Mr. President (4): Abgewählt und doch gewonnen

Im Jahr 2000 erhielt George W. Bush viel weniger Stimmen als Al Gore. Durch das US-Wahlsystems und umstrittene Gerichtsprozeduren wurde er trotzdem Präsident.

Stimmen im Wahlkollegium nach Bundesstaaten. (Zum Vergrößern anklicken – National Atlas of the United States; PD)

„Die älteste Demokratie der Welt“ und dann sowas! Am Tag nach der Wahl vom 7. November 2000 war völlig unklar, wer zum Präsidenten werden sollte. Drei Tage später wurde noch darüber gestritten und drei Wochen später immer noch. Ja, sogar heute, 20 Jahre später, kann man darüber diskutieren, ob George W. Bush sein Amt im Januar 2001 zu Recht angetreten hat. Und das Schlimmste für die anstehenden Wahlen befürchten, bei denen ähnliche Komplikationen auftreten könnten.

Das Problem war damals erst einmal technischer Natur: Bushs Vorsprung im alles entscheidenden Bundesstaat Florida war so gering, dass Nachzählen angesagt war. Doch dann konnte man sich nicht darüber einigen, was und wie schnell nachgezählt werden sollte. Als die Gerichte ins Spiel kamen, wurde es politisch – denn in den USA sind Nominierungen von Richter*innen oft politischer Natur (wie der jüngste Konflikt über die Berufung von Amy Coney Barrett an den Obersten Gerichtshof wieder einmal gezeigt hat).

Bushs Trick

Am Ende stoppte der Oberste Gerichtshof die Nachzählungen. Weil der schon damals über eine rechte Mehrheit verfügte, hatten viele Demokrat*innen das Gefühl, Bush sei mit einem Trick an die Macht gekommen. Das war umso schlimmer, als Bush junior, anders als sein Vater George H. W. Bush (siehe Teil 2 unserer Serie) stramm rechte Politik machte und die Gesellschaft polarisierte. Auch bei den jetzt anstehenden Wahlen ist Florida einer der wichtigsten Swing States, der den Ausschlag für den Wahlsieg geben kann.

Was die Sache seinerzeit nicht besser machte: Zum ersten Mal seit 112 Jahren gewann ein Kandidat, der weniger Stimmen erhalten hatte als sein Gegner: Für Al Gore hatten etwa eine halbe Million Bürger*innen mehr gestimmt als für George W. Bush. Ein geradezu antidemokratisches Ergebnis, befanden Kritiker*innen, insbesondere auf dieser Seite des Atlantik.

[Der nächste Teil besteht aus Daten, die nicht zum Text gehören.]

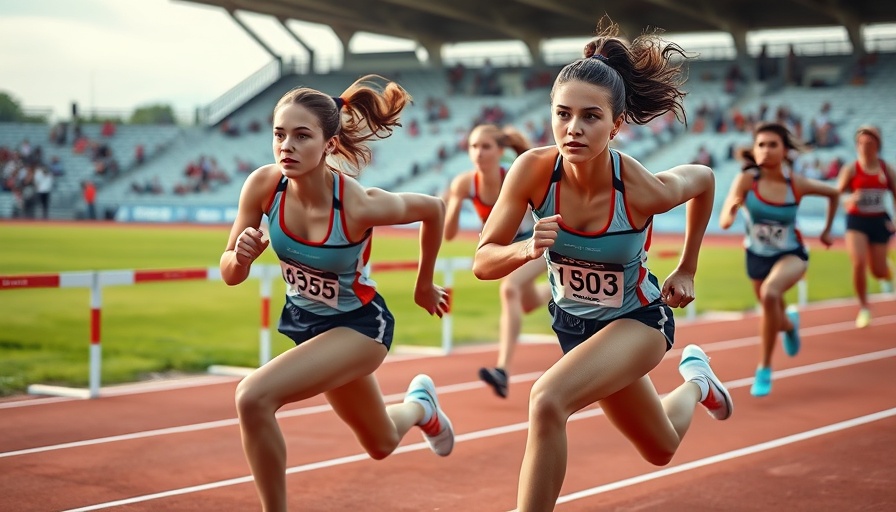 Jackson runners competing in the Selby Classic track event.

Gleiche Spielregeln für alle

Hier muss man relativieren. An erster Stelle gilt, dass diese Möglichkeit im System angelegt ist: statt auf eine Direktwahl greift es auf ein Wahlkollegium zurück, dessen Mitglieder für jeden Bundesstaat der einen oder der anderen Partei zugeteilt werden. Der beklagte „antidemokratische“ Effekt stellt sich auch in anderen Wahlsystemen ein, wenn sie auf Majorzverfahren zurückgreifen (man erinnere sich an Jacques Chirac, der 2002 mit weniger als 20 Prozent in der ersten Wahlrunde trotzdem französischer Präsident wurde).

Zwar hat 2016 mit Donald Trump ein weiteres Mal ein republikanischer Kandidat unter solchen Umständen die Wahl gewonnen, doch grundsätzlich könnten auch demokratische Kandidat*innen davon profitieren. Ja, gerade John F. Kennedys legendärer Wahlsieg von 1962 fiel seinerzeit nur auf der Ebene des Wahlkollegiums deutlich aus, beim „popular vote“ war er bestenfalls knapp überlegen – sofern es keine Fehler bei der Auszählung gab.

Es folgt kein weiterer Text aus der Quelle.